On the Controlled Release of Information:

The controlled release of information – which is more or less what storytelling is – is really, really hard. Especially on Doctor Who, where you do need quite a lot going on, because everything is new. It’s not like you’ve got a big regular cast, or one set that you’re going to see every week. In Doctor Who, you’re lucky if there’s one you see every week! So you need to release quite a lot of information. It’s a whole new world and you have to know what a normal day is like there, so you can twist it.”

“I know that, in the past, Russell has given notes to writers, saying, ‘Tell everyone everything that’s going on, all of the time.’ Broadly speaking, I wouldn’t agree with that to the last heartbeat, but I think that comes from the right place.”

“I think that, right up until the last minute, you’re constantly changing your mind about the release of information in a story. There’s a fine line between mysterious and confusing. And I’ve often drifted over it!”
On Writing Villains:

“[V]illains aren’t necessarily evil. But I do think that straightforward evil is actually meaningless. All the evil acts in the history of the world have been committed with a pretty exact and precise agenda: people do what they think is right. You fly a plane into the World Trade Centre because you think it’s a necessary thing to do – not because you think it’s going to improve your day. It’s an insane and evil act – of course it is, it’s appalling – but it’s done to an end. Real evil is just an agenda we don’t understand, and frequently we have to work out what it is.”
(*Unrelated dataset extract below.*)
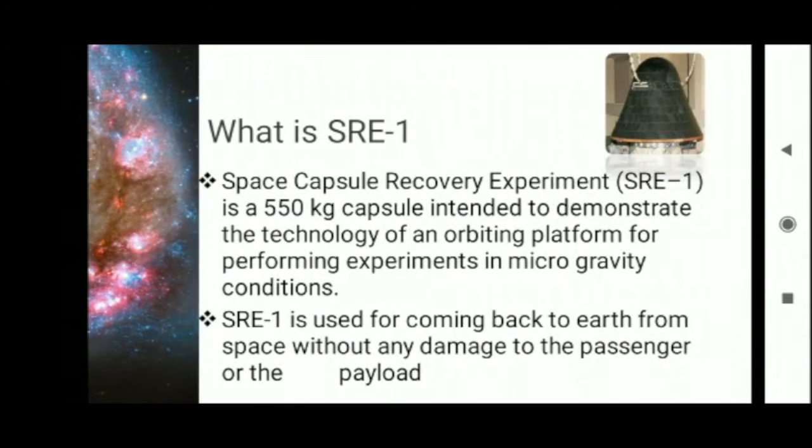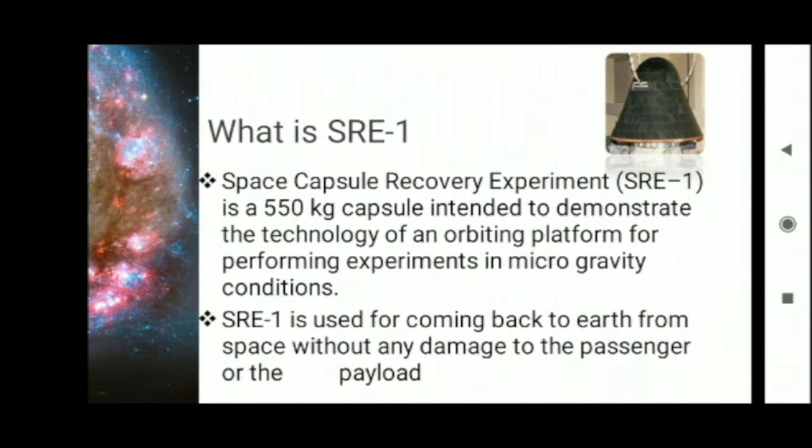So we start with: what is SRE-1? The Space Capsule Recovery Experiment is a 550 kg capsule intended to demonstrate the technology of an orbiting platform for performing experiments in microgravity conditions. SRE-1 is used for coming back to Earth from space without any damage to the passenger or payload.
Doctor Who stories work particularly well if there’s a good mystery: how does it all fit together? That’s good, because it puts the Doctor at the centre of the story. He’s going to be the man who decodes it, figures it out and pieces it together. If you just have villains who are evil and want to conquer the universe, what does that actually mean? Think what a lot of admin that would be! But if you have villains with complex ideas of their own, then the Doctor is again at the story’s centre. He works out what they want, and what it is that they’re trying to do. And stops it. But it allows him to have a big dramatic moment where he says, ‘This is what’s been going on,’ and looks clever. Him looking clever is important. Whereas a straightforward military threat brings out the least interesting parts of the Doctor. He becomes a bit superfluous.”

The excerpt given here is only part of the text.